Source records:

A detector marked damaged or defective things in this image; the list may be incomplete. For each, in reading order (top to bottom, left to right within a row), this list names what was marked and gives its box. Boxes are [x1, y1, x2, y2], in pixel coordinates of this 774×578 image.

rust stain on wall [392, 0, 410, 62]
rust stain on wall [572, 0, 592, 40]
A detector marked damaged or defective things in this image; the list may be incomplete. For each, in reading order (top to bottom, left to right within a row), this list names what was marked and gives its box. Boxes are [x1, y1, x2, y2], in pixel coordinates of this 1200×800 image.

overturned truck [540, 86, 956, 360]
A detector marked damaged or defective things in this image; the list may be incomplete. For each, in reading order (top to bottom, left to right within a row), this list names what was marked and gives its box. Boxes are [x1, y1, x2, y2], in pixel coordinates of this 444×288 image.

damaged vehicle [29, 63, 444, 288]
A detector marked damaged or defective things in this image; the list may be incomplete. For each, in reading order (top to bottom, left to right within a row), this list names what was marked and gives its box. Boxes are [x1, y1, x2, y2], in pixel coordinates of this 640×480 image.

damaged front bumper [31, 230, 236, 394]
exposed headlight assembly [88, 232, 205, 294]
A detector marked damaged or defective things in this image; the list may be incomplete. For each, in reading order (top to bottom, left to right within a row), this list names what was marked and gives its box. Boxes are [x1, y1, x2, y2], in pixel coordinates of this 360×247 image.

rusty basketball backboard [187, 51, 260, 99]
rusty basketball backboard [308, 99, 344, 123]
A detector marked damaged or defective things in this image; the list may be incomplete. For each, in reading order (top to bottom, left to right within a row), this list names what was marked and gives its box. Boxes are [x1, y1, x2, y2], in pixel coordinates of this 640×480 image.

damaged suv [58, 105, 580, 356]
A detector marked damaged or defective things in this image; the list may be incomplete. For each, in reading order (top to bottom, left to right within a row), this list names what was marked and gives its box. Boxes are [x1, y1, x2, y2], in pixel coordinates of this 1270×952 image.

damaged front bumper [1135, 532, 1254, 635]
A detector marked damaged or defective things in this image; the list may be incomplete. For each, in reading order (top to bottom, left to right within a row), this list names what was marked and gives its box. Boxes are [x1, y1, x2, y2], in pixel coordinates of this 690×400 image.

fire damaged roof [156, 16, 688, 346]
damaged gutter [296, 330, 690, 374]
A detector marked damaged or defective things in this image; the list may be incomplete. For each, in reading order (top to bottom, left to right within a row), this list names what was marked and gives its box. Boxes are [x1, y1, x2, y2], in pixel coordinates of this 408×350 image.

ASSIGNMENT: Could you please reproduce each record exactly, leaving nothing out?

ANSWER SECTION:
A detector marked damaged or defective things in this image; the list may be incomplete. For each, in reading order (top to bottom, left to right within a row), this list names what was marked and gives its box. Boxes are [x1, y1, x2, y2], in pixel coordinates of this 774×578 image.

rust stain on wall [392, 0, 410, 62]
rust stain on wall [572, 0, 592, 40]
A detector marked damaged or defective things in this image; the list may be incomplete. For each, in reading order (top to bottom, left to right within a row), this list names what was marked and gives its box. Boxes are [x1, y1, x2, y2], in pixel coordinates of this 1200×800 image.

overturned truck [540, 86, 956, 360]
A detector marked damaged or defective things in this image; the list may be incomplete. For each, in reading order (top to bottom, left to right within a row), this list names what was marked and gives its box. Boxes are [x1, y1, x2, y2], in pixel coordinates of this 444×288 image.

damaged vehicle [29, 63, 444, 288]
A detector marked damaged or defective things in this image; the list may be incomplete. For each, in reading order (top to bottom, left to right within a row), this list names what was marked and gives its box. Boxes are [x1, y1, x2, y2], in pixel coordinates of this 640×480 image.

damaged front bumper [31, 230, 236, 394]
exposed headlight assembly [88, 232, 205, 294]
A detector marked damaged or defective things in this image; the list may be incomplete. For each, in reading order (top to bottom, left to right within a row), this list names what was marked and gives its box. Boxes are [x1, y1, x2, y2], in pixel coordinates of this 360×247 image.

rusty basketball backboard [187, 51, 260, 99]
rusty basketball backboard [308, 99, 344, 123]
A detector marked damaged or defective things in this image; the list may be incomplete. For each, in reading order (top to bottom, left to right within a row), this list names what was marked and gives its box. Boxes are [x1, y1, x2, y2], in pixel coordinates of this 640×480 image.

damaged suv [58, 105, 580, 356]
A detector marked damaged or defective things in this image; the list may be incomplete. For each, in reading order (top to bottom, left to right within a row), this list names what was marked and gives its box. Boxes are [x1, y1, x2, y2], in pixel coordinates of this 1270×952 image.

damaged front bumper [1135, 532, 1254, 635]
A detector marked damaged or defective things in this image; the list may be incomplete. For each, in reading order (top to bottom, left to right within a row), this list names what was marked and gives its box. Boxes are [x1, y1, x2, y2], in pixel coordinates of this 690×400 image.

fire damaged roof [156, 16, 688, 346]
damaged gutter [296, 330, 690, 374]
A detector marked damaged or defective things in this image; the list may be incomplete. For each, in reading order (top to bottom, left to right within a row), this list names what was marked and gives its box. Boxes are [x1, y1, x2, y2], in pixel coordinates of this 408×350 image.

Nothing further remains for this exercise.